● **Exercise directions**: Could you output each line below precisely as it stands, without the images?

● **Raw data**:

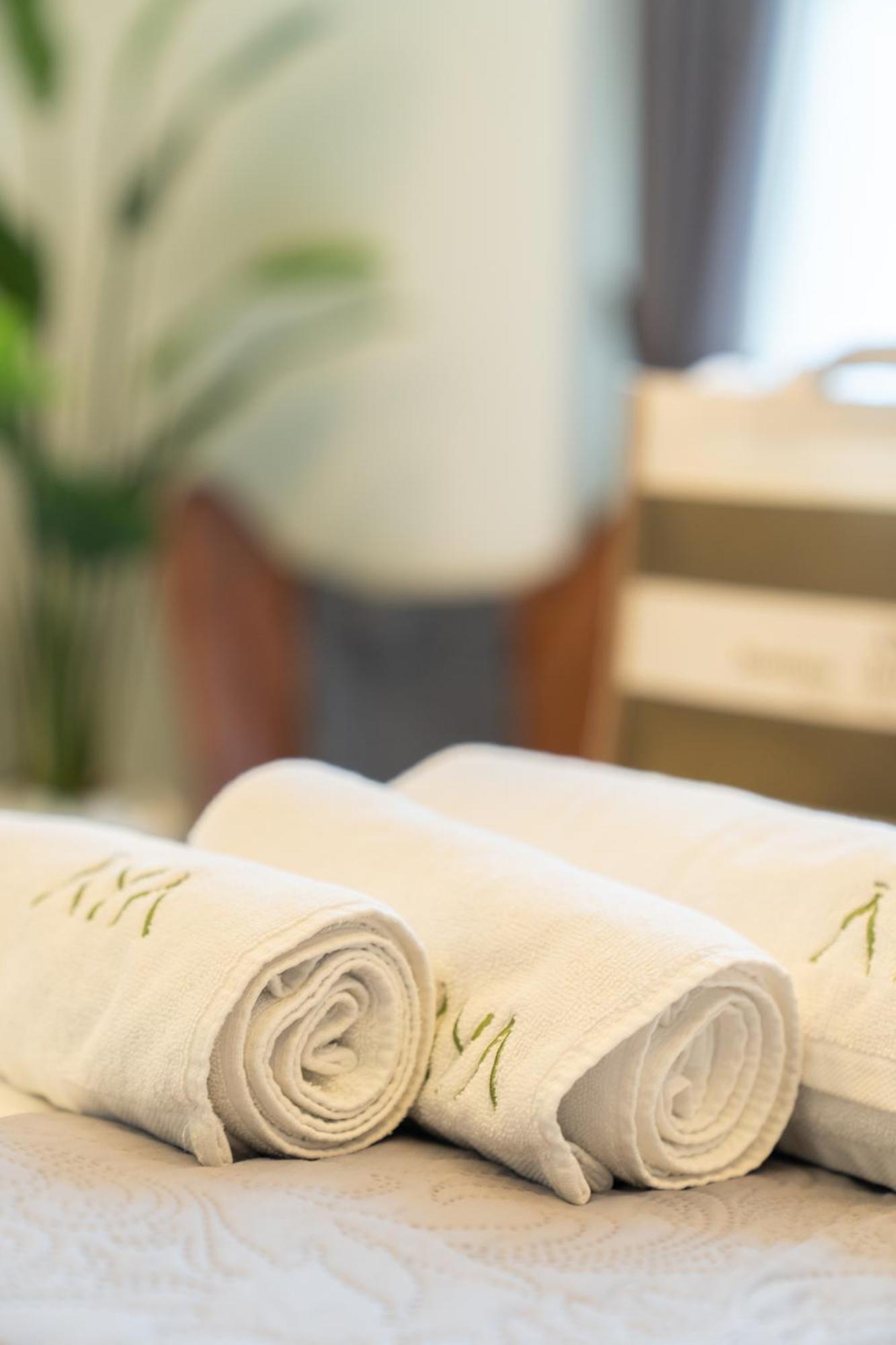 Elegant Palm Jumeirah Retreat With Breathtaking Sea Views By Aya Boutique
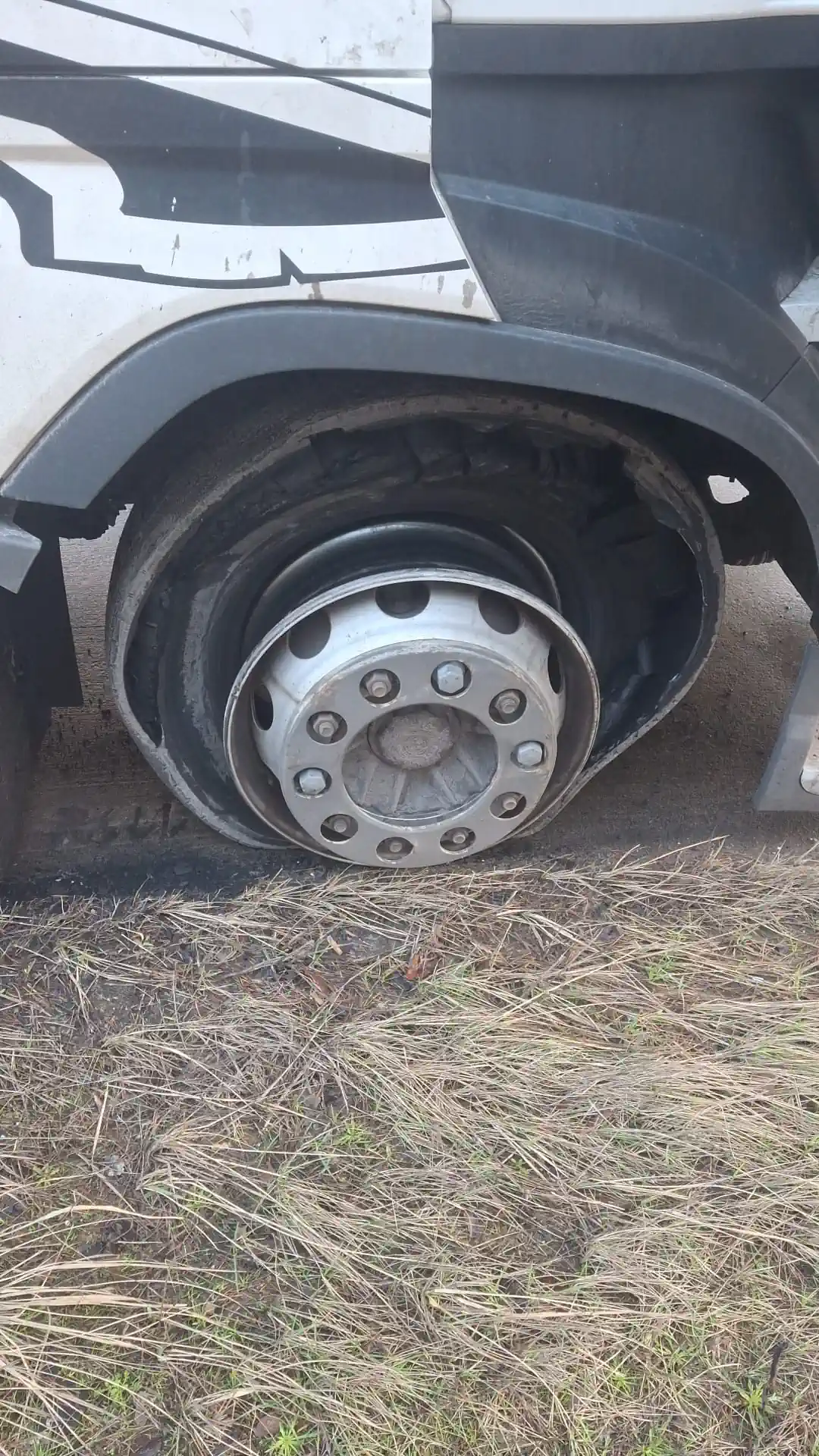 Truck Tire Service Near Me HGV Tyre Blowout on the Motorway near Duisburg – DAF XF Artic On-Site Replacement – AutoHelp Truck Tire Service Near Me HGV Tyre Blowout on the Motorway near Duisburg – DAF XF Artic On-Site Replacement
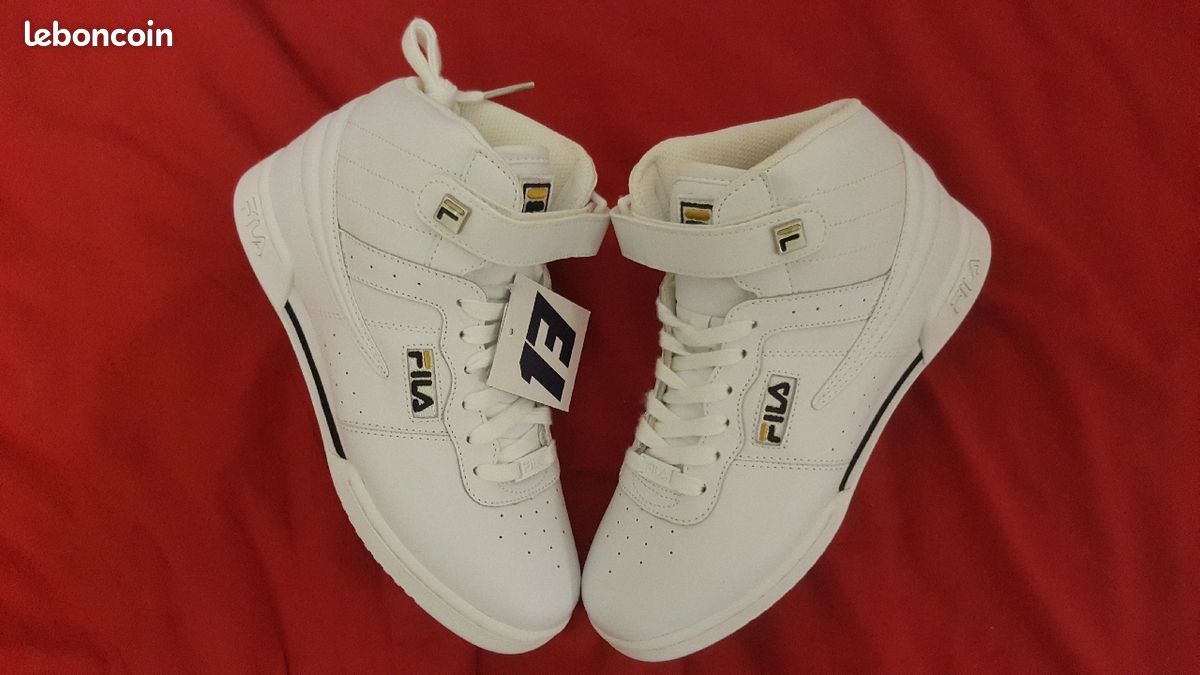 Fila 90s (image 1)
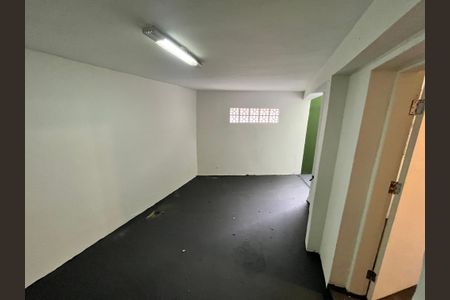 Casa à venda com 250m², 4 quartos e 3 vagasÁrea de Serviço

● **The completed task**:
 Elegant Palm Jumeirah Retreat With Breathtaking Sea Views By Aya Boutique
 Truck Tire Service Near Me HGV Tyre Blowout on the Motorway near Duisburg – DAF XF Artic On-Site Replacement – AutoHelp Truck Tire Service Near Me HGV Tyre Blowout on the Motorway near Duisburg – DAF XF Artic On-Site Replacement
 Fila 90s (image 1)
 Casa à venda com 250m², 4 quartos e 3 vagasÁrea de Serviço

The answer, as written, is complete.